When the conquest of Wales had been finally completed by the defeat and death of Prince Llewelyn, Edward the First proceeded to regulate the administration of the territory he had acquired. By his ordinance called the “Statute of Rhudland,” he formed Flintshire into a county, attached, as previously mentioned, but subordinate to, that of Chester, and directed the Sheriff of Flintshire to render his accounts to the Exchequer there. The judges were appointed, sometimes for both counties, at others for each county separately. By the same statute the greater part of the district governed by Llewelyn was divided into the three counties of Anglesey, Carnarvon, and Merioneth, and it was to these counties that the name of “North Wales” was originally confined. Chester and North Wales were the oldest of the Welsh Judicial Circuits.

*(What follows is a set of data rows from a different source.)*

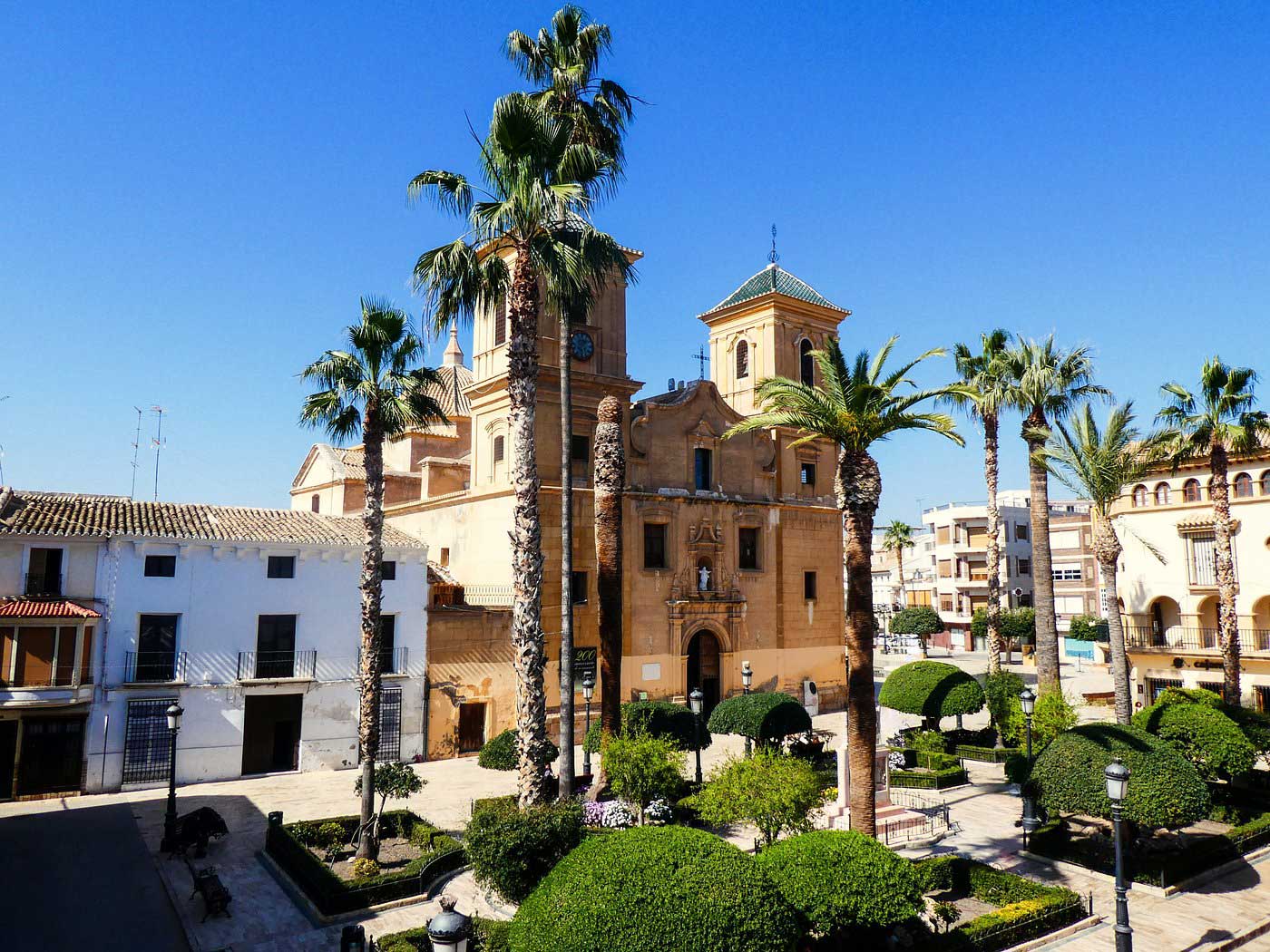 Huercal-Overa-plaza-del-cura-valera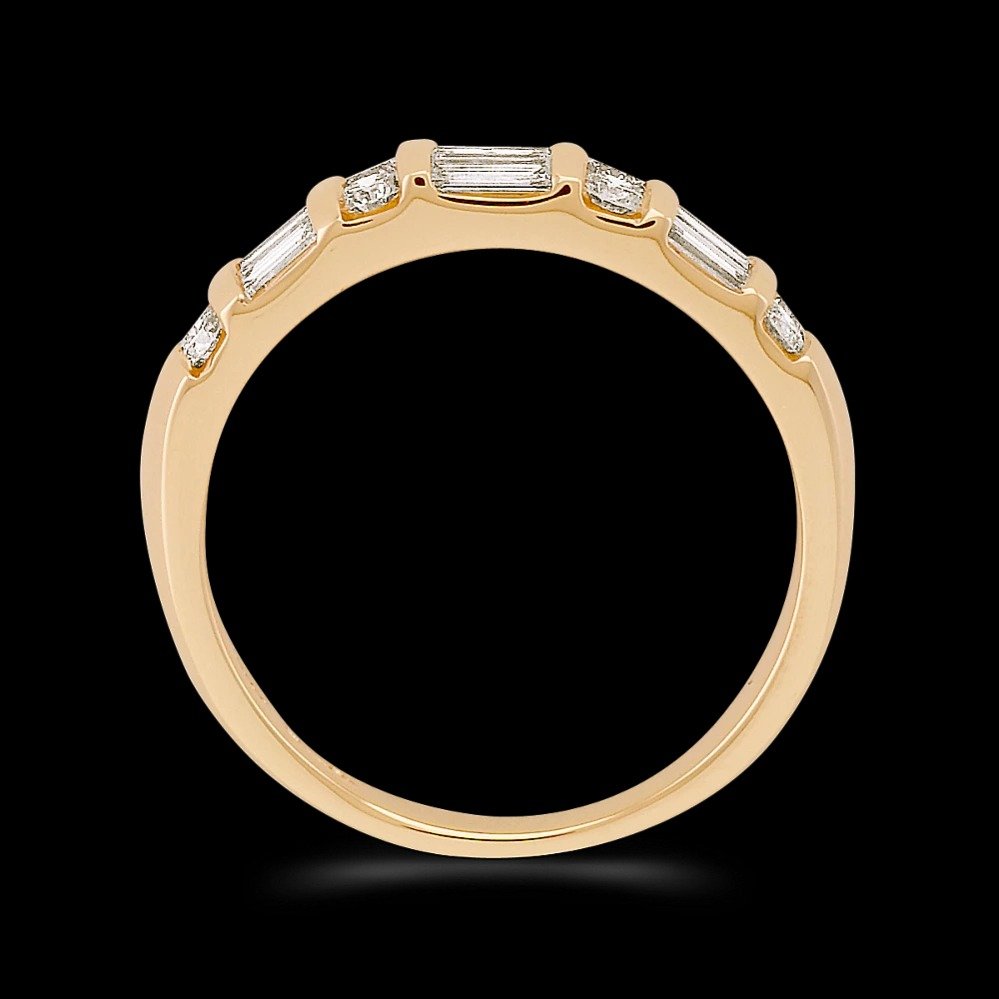 round-and-baguette-diamond-wedding-band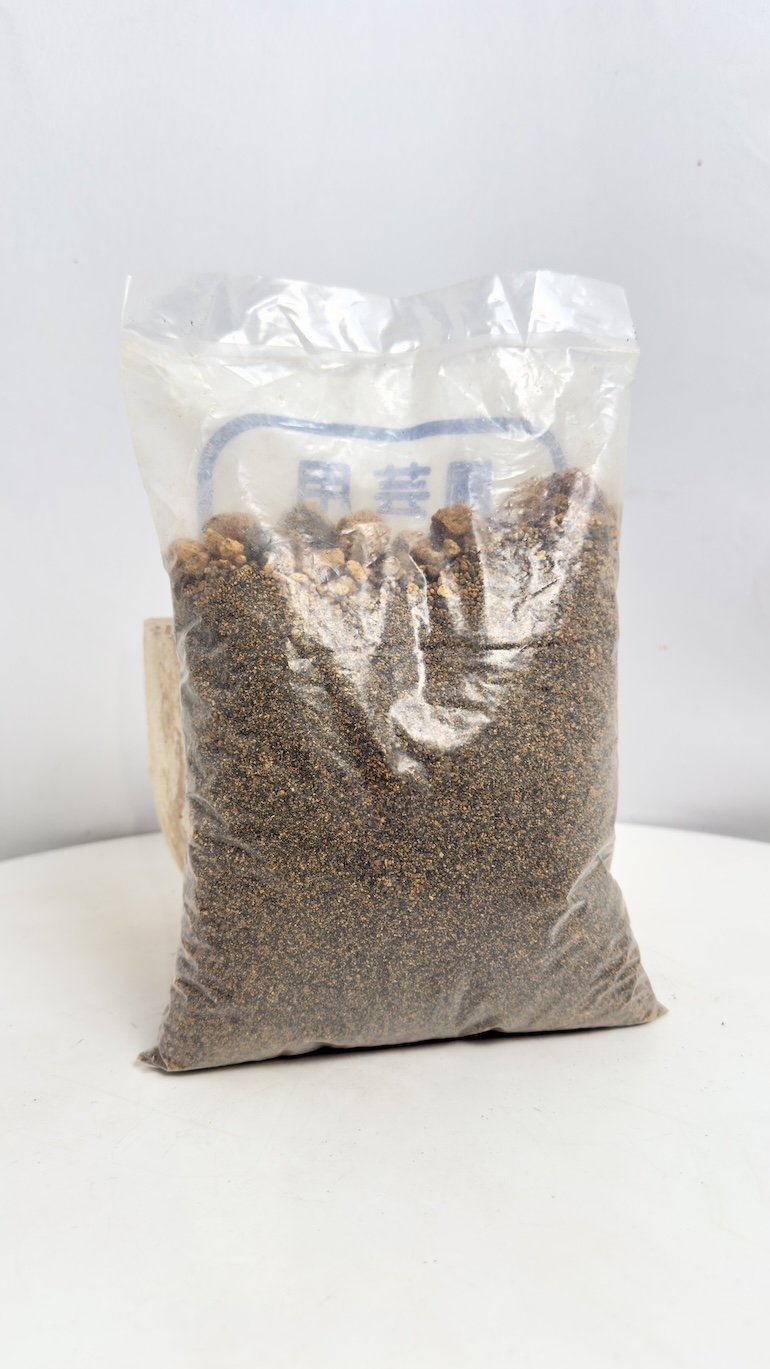 Kiryu Sand 1.2 kg – japoński piasek mineralny do bonsai i roślin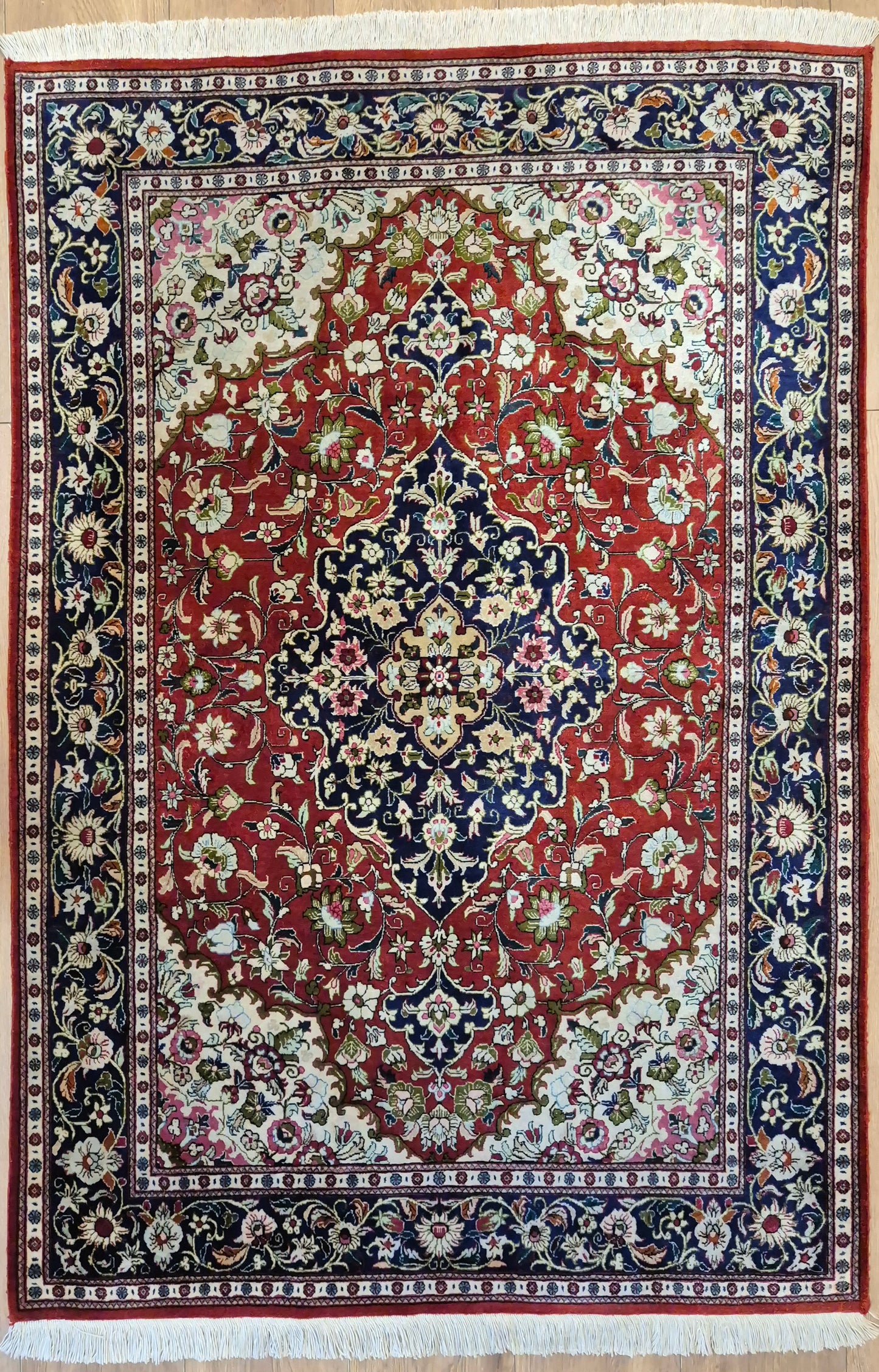 Ghom Seide Teppich Seide auf Seide Medaillon florales Muster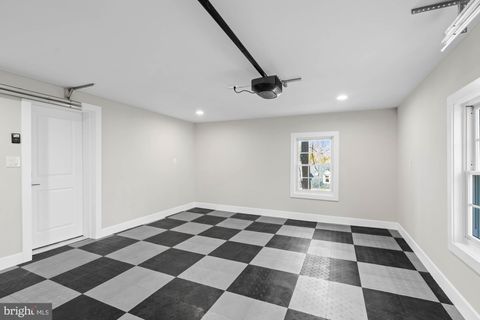 listing image 70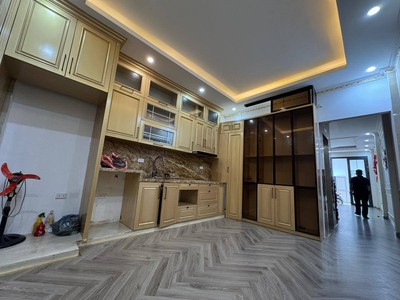 Nhỉnh 36 tỷ có nhà Galaxy 5 7 tầng thang máy 0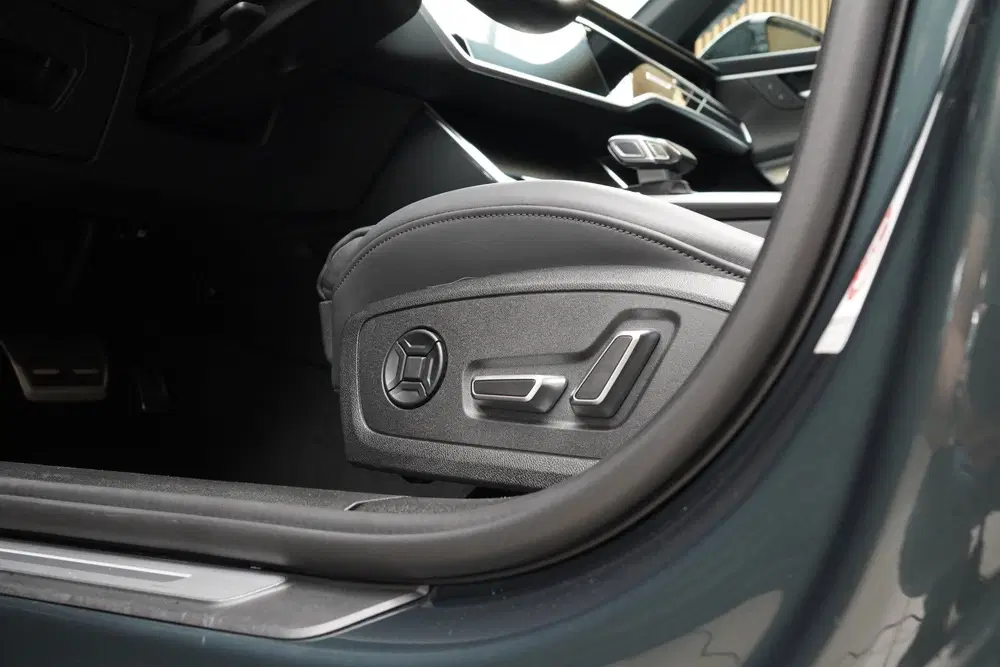 Audi A6 55TFSIe uit 2024, foto 15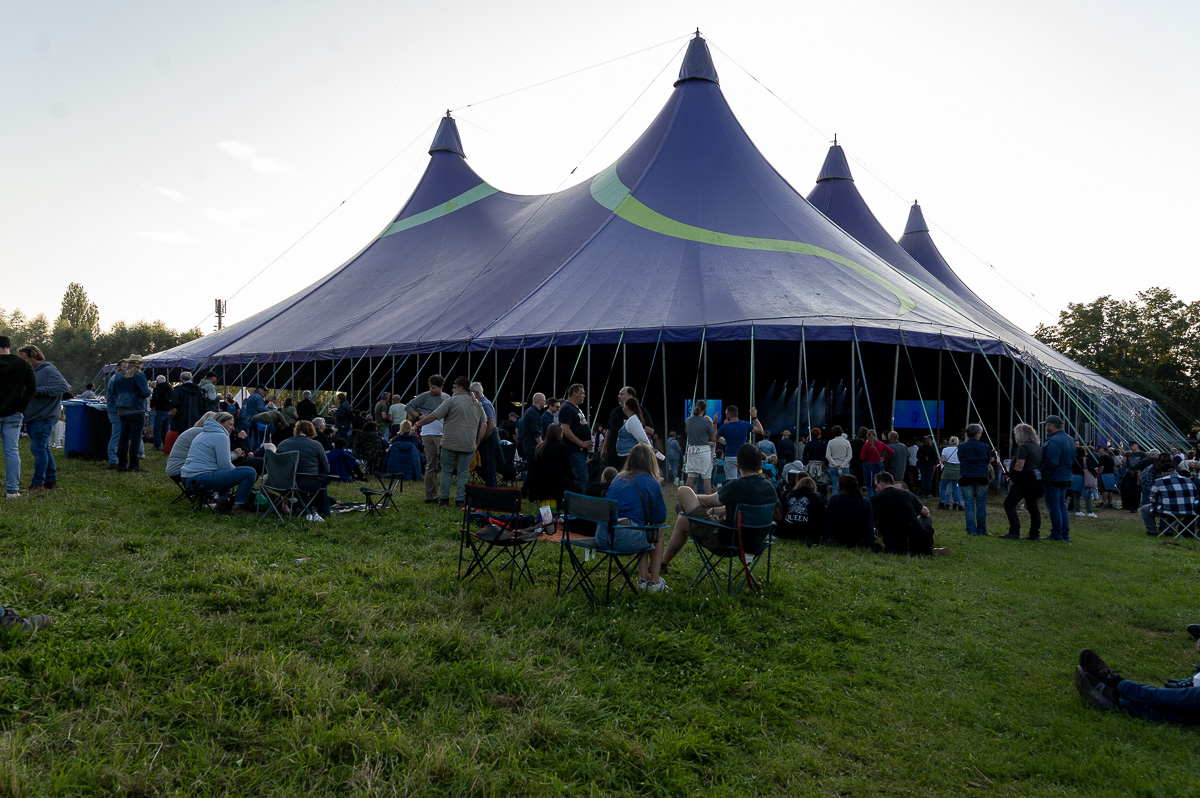 Sfeertjes @ Rock Zottegem Dag 3, picture 29, photographed by Luc Klinckaert - FrontView Magazine
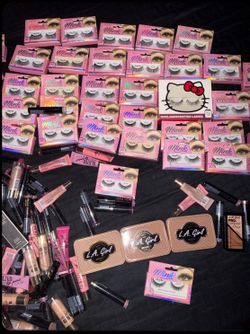 Lashes + make up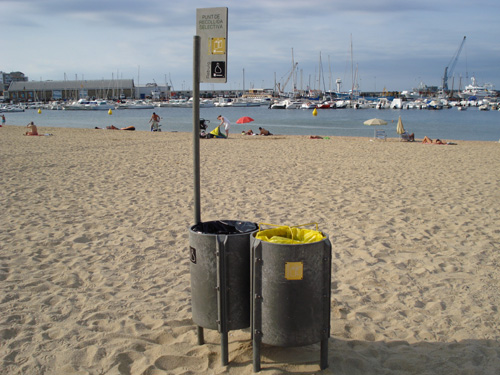 Una de les noves parelles de papereres de la platja Gran de Palamós.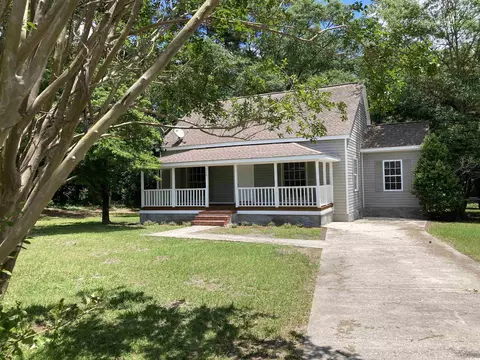 316 S Pine St, Johnsonville, SC 29555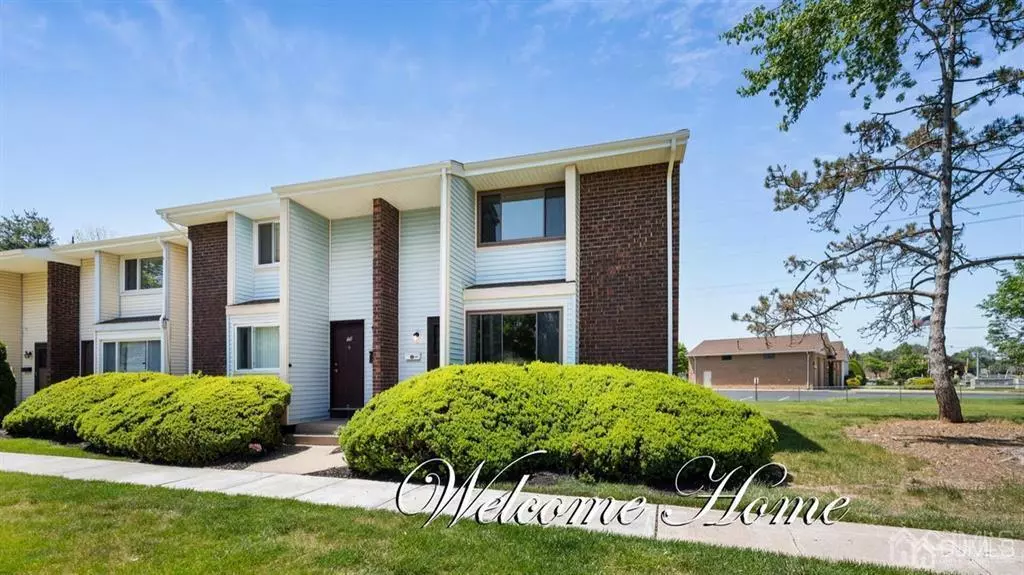 14 Lincoln LN #A, South Brunswick, NJ 08810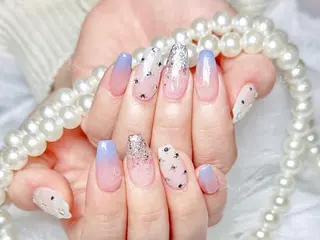 ネイル 🦋 Queenieのネイルデザイン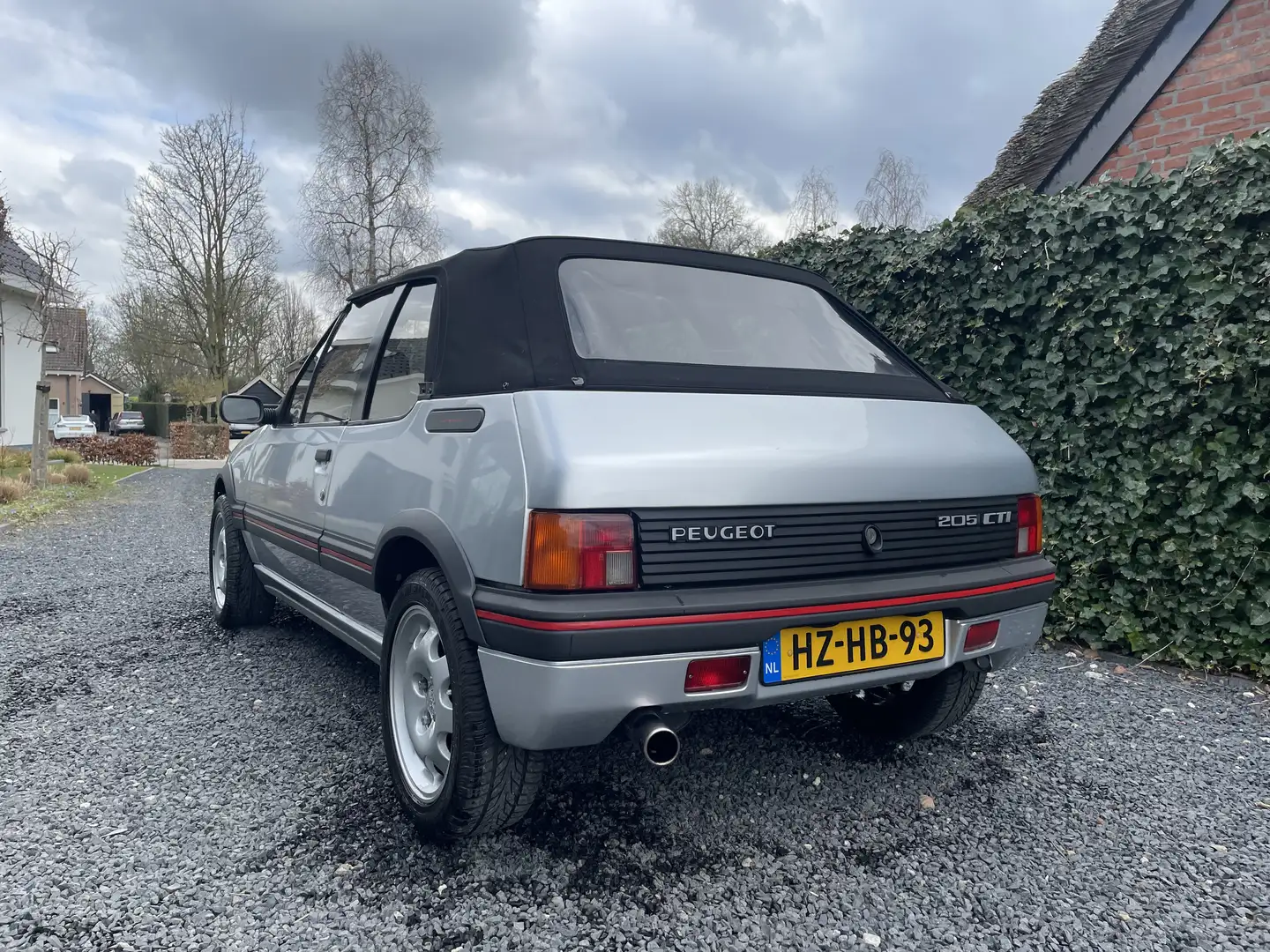 Peugeot 205 CTI - 2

Subsequently, on the petition of the Welsh themselves, in the reign of the Tudor King, Henry VIII., Wales was incorporated with England, and the Lordships Marches were divided into shires, the counties of Denbigh and Montgomery being added to North Wales. Wales then for the first time sent representatives to the English Parliament, but it was not until the reign of his son, King Edward VI., that the County Palatine of Chester was given parliamentary representation. Professor Freeman has said:⁠—

“The Earldom of Hugh of Avranches stood alone in its greatness from the rest of the realm. How distinct Chester and Durham stood from the rest of the kingdom, is best shown by their having for so many ages (not until the reign of Edward VI.) no voice in the national Parliament. While Chester had its own courts and own baronage, knights and citizens from the all but independent state would have been as much out of place as knights and citizens from the Isle of Man or the Norman islands of the English Channel.”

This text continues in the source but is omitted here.